Is that the estate is upset over the idea of him using *concepts* similar to those found in the book 1984. The original commercial portrays a vague future dystopia. The connection to George isn’t explicitly based upon anything other than the fact that the commercial came out in 1984.

IIRC nobody in the original commercia never said “Hey, this is based upon 1984” and there certainly weren’t any talking pigs* in either the commercial or the parody.

I don’t think they have anything to go in. As someone else said Apple is in a slightly better position, but it is protected as parody so they are out of luck too.

* When did Charlotte’s Web come out? Someone may have a case against the Orwell estate!

Reed says:

Kinda Pathetic

Comboman cracked,

“In the European Union it will enter the public domain in 2020. In the United States, it will enter the public domain in 2044, unless there’s another copyright extension before then (what are the chances of that happening).”

2044!? Thats real sad for the US. Of course we also spend twice as much on health care and more than all other countries combined on our military.

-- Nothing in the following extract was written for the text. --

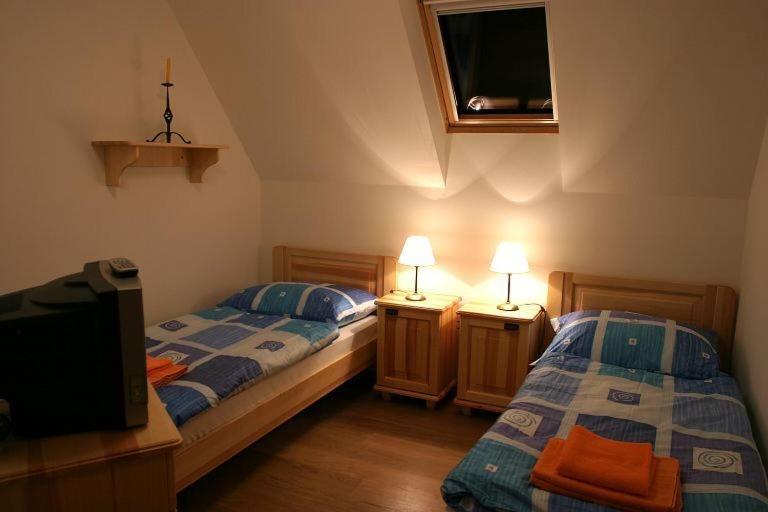 Postel nebo postele na pokoji v ubytování Chalupa Bella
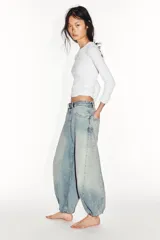 Jeans de mezclilla de tiro medio con diseño amplio tipo balloon, costuras marcadas y bajo con puño elástico. Cuenta con bolsillos delanteros y traseros, y cierre frontal con cremallera y botón metálico.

I guess we just aren’t happy unless we are outdoing everyone else! LOL

Anonymous Coward says:

It’s really a satire of a TV commercial parody of a movie from the screenplay of a novel.

Protecting your own private property by availing yourself of the protections ostensibly enforced by your government is not the same thing as a government censoring the free expression of its citizens. If your actions violate the rights of another, calling it “free expression” and screaming for government sanction of your violation is not a defense of anyone’s natural rights.

rod taylor says:


Joe — you are absolutely right. The amazing thing is that Orwell was levelling his criticism at socialists, hence the title 1984. The thought control can only come from one direction — above. So it’s always the government or the courts. That’s why “hate speech” is such a disastrous and foolish thing. The notion of categorizing a form of speech or opinions as hateful has already begun to make problems for religious people . And the notion that some ass from the Orwell estate would threaten the maker of that parody of the apple add parodying 1984 is discpicable, not just annoying. He/she can go to hell. The sooner the better. If anything, I would argue that the estate’s property rights are enhanced, not damaged. Maybe they should pay. Bye.

Jack says:

“…you’d hope that a company that’s so concerned about protecting Orwell’s work and legacy would see some irony in using copyright law to stifle politically-motivated free speech.”

Not to mention, those who have actually read 1984 will recognize there is no description of a scene in the book remotely resembling the Apple ad.

|333173|3|_||3 says:

In fact the Apple ad is quite different from 1984, since in teh book the people all watching the screen in the big room were in teh 2 minutes hate, and were all angry, rather than passive. furthermore, the setting is largely delapidated London, not a fururistic city of tubes etc. Then there is the fact that only the Outer Party wear blue uniforms in 1984, not the shuffling proles.

1984 was not about scialism, it was about totlaitiarianism and repression by a party which no longer made any claim to scolialist ideals, only refering ot the improvment made since the revolution, and the name, Ingsoc, derived from English Socialism.